Urinary TERT promoter mutations are detectable up to 10 years prior to clinical diagnosis of bladder cancer: Evidence from the Golestan Cohort Study.

EBioMedicine 2020 Mar 17;53:102643. Epub 2020 Feb 17.

International Agency for Research on Cancer (IARC), Lyon, France. Electronic address:

Background: Detecting pre-clinical bladder cancer (BC) using urinary biomarkers may provide a valuable opportunity for screening and management. Telomerase reverse transcriptase (TERT) promoter mutations detectable in urine have emerged as promising BC biomarkers.

Methods: We performed a nested case-control study within the population-based prospective Golestan Cohort Study (50,045 participants, followed up to 14 years) and assessed TERT promoter mutations in baseline urine samples from 38 asymptomatic individuals who subsequently developed primary BC and 152 matched controls using a Next-Generation Sequencing-based single-plex assay (UroMuTERT) and droplet digital PCR assays.

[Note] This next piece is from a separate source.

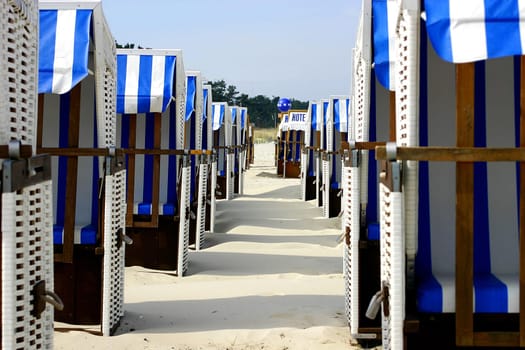 Beach chairs 01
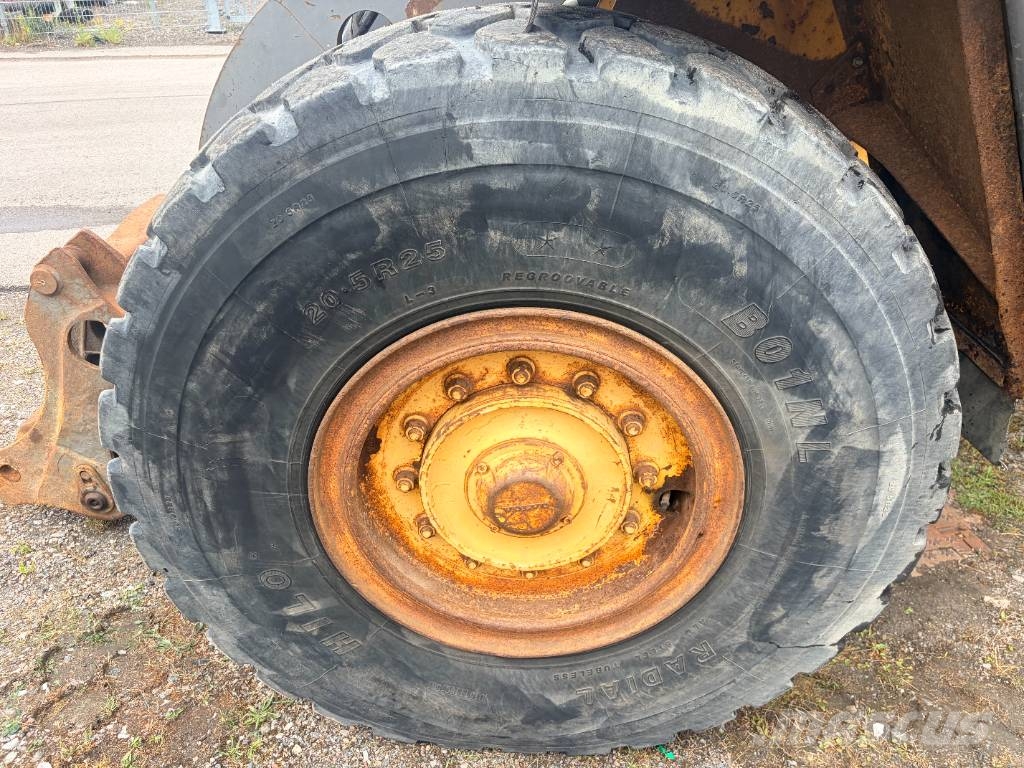 Volvo L 90 C لوادر بعجل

Findings: Results were obtained for 30 cases and 101 controls. TERT promoter mutations were detected in 14 pre-clinical cases (sensitivity 46·67%) and none of the controls (specificity 100·00%). At an estimated BC cumulative incidence of 0·09% in the cohort, the positive and negative predictive values were 100·00% and 99·95% respectively. The mutant allelic fractions decreased with the time interval from urine collection until BC diagnosis (p = 0·033) but the mutations were detectable up to 10 years prior to clinical diagnosis.

Interpretation: Our results provide the first evidence from a population-based prospective cohort study of the potential of urinary TERT promoter mutations as promising non-invasive biomarkers for early detection of BC. Further studies should validate this finding and assess their clinical utility in other longitudinal cohorts.

Funding: French Cancer League, World Cancer Research Fund International, Cancer Research UK, Tehran University of Medical Sciences, the International Agency for Research on Cancer, and the U.S. National Cancer Institute.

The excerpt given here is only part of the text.